Plus inquiétant encore : il serait matériellement impossible de détruire ces envahisseurs modèle réduit. Ciseaux, cisailles, sécateurs, grille-pains, mixers, tondeuses, hachoirs à viande, désosseuses, poêles à bois, scies circulaires, broyeurs ménagers, lave-vaisselles, fours à micro-ondes, plaques à inductions, épées ornementales, fusils de chasse, fusils d’assauts, fusils à canons sciés, fusils lasers expérimentaux top-secret-encore-en-phase-de-test, presses à ferrailles et autres accélérateurs de particules seraient sans effets sur ces jouets monstrueux, aussi est-il inutile de les couler dans le béton et de les enterrer dans le jardin.

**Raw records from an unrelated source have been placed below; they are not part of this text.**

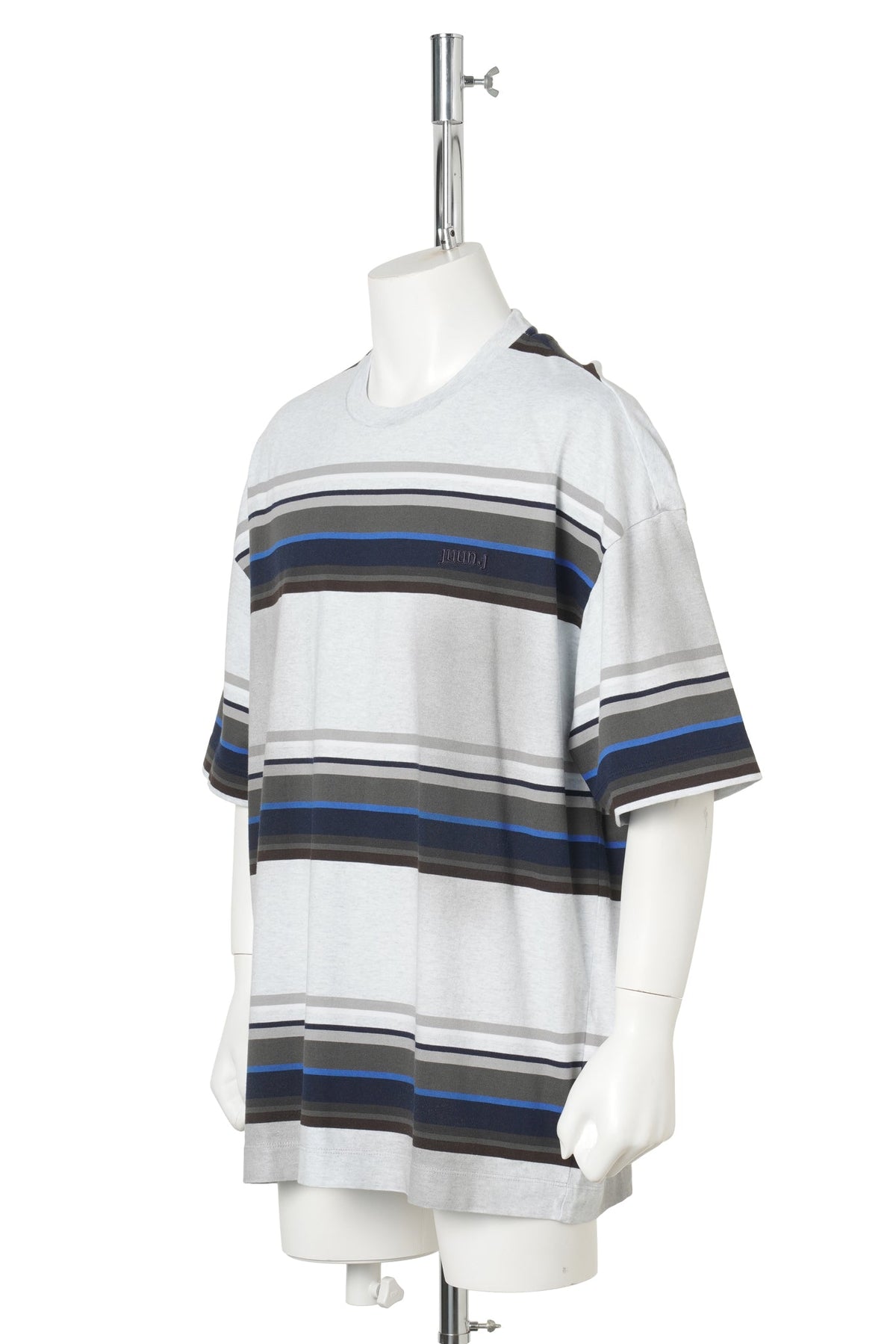 7 BLOCK STRIPE OVERFIT SHORT SLEEVE / LGREY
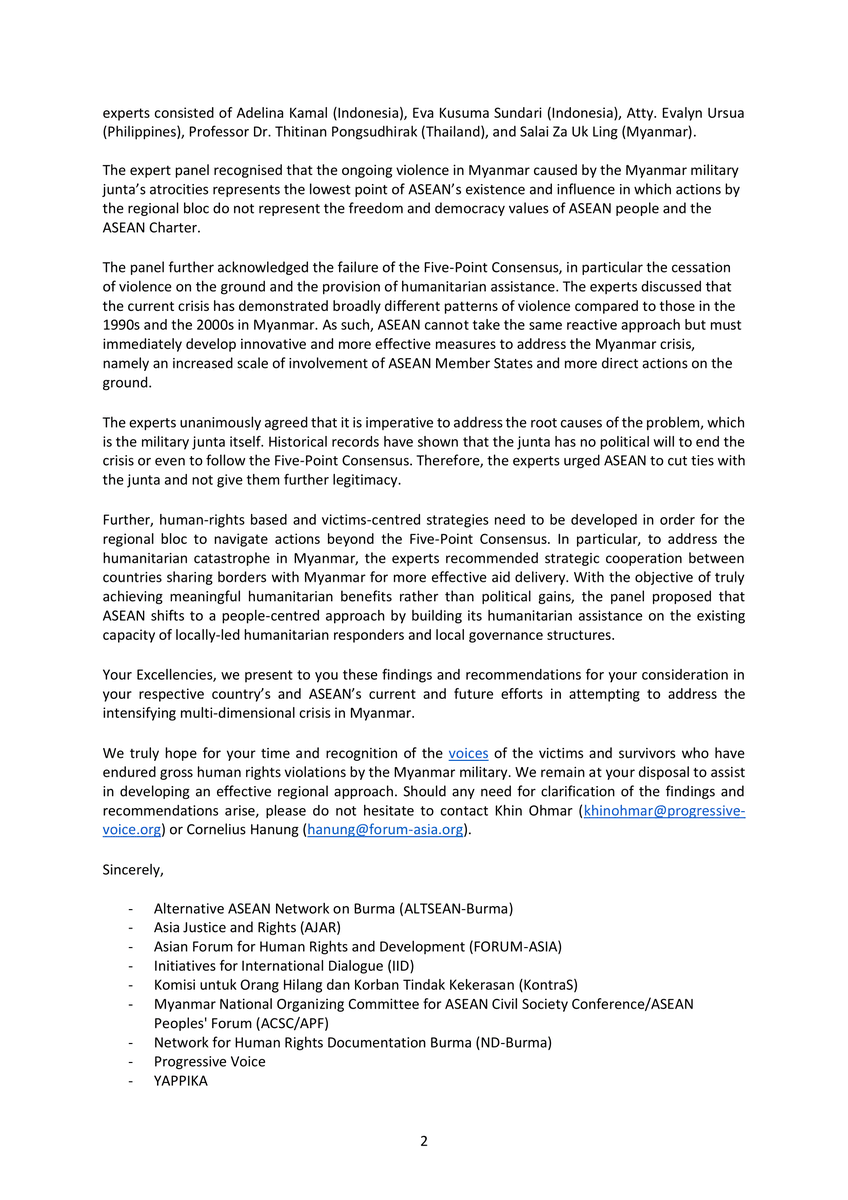 .<a href="/ASEAN/">ASEAN</a> leaders must heed the calls of survivors of human rights violations in #Myanmar.

📌 Move beyond 5PC
📌 Partner w/ local groups to deliver aid
📌 Exclude junta from all platforms

See experts' analysis of ASEAN's approach and findings at bit.ly/3sG9qIb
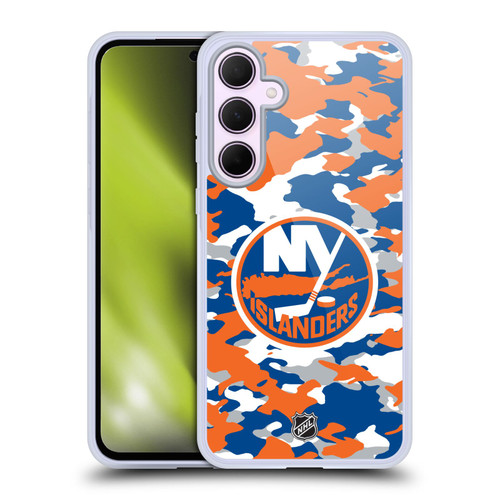 NHL New York Islanders Camouflage Soft Gel Case for Samsung Galaxy A35 5G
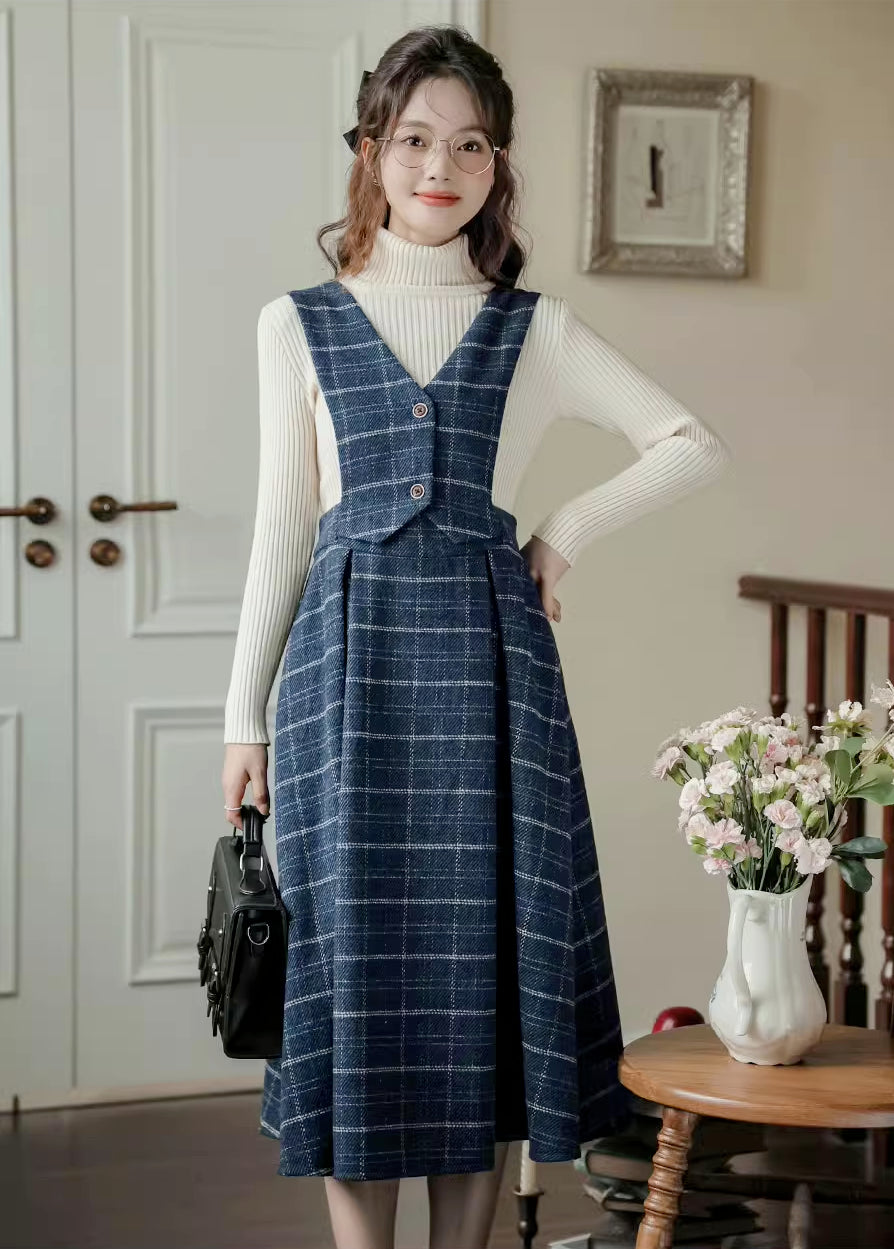 Vestido tipo pichi con chaleco a cuadros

Ce serait, précisent les spécialistes, courir le risque de les retrouver le lendemain sur l'étagère de la commode, à la place de l'oeuf Fabergé de Grand Maman.
 
Dans un communiqué de presse qui se veut rassurant, l'équipe de conception précise qu'il s'agit vraisemblablement ici d'un phénomène "d'hystérie collective" relevant du champ de "l’autosuggestion hypnotique", imputable à "la nature profondément anxiogène du produit incriminé", dont "la seule vue pourrait, c’est envisageable, provoquer des crises de démence ou de paranoïa". Elle ajoute cependant que dans l’éventualité peu probable où, en dépit de leur nature diffamatoire hautement préjudiciable, ces allégations devaient s’avérer fondées, et où le constructeur ne serait pas à même de se débarrasser du matériel défectueux, il faudrait alors "que les peuples du monde entier s’unissent pour faire front commun afin de repousser l'invasion de quarante mille petits Kojima articulés de 25 centimètres, hostiles, infatigables et potentiellement immortels". Une perspective qui ne ravira ni les fans de l’illustre programmeur, ni ses détracteurs, surtout lorsqu’ils apprendront que celui-ci a fait le forcing pour que ces créations soient équipés de mini lance-missiles.
 
Quoi que nous réserve l’avenir, à ce sujet, une chose est sûre : c’est la dernière fois que nous faisons appel à une entreprise construite sur un ancien cimetière indien, nous confie le porte-parole de Kojima Production, excédé.

 

EDIT : à l’heure où nous imprimons cet article, on nous informe de source sûre qu’un second modèle, beaucoup plus agressif, aurait également été commercialisé à l'occasion des cinquante ans du développeur. Bien que les probabilités soient minces, si d’aventure vous vous retrouviez nez-à-nez avec une ou plusieurs figurines de ce type, mobiles ou immobiles, la procédure est simple.

Fuyez.

Mais sans faire de mouvements brusques.

Bonne chance et que Dieu nous protège.

 

Oui, ça existe vraiment.

 

Je l’ai écrit, "Que Dieu nous protège !", ou pas?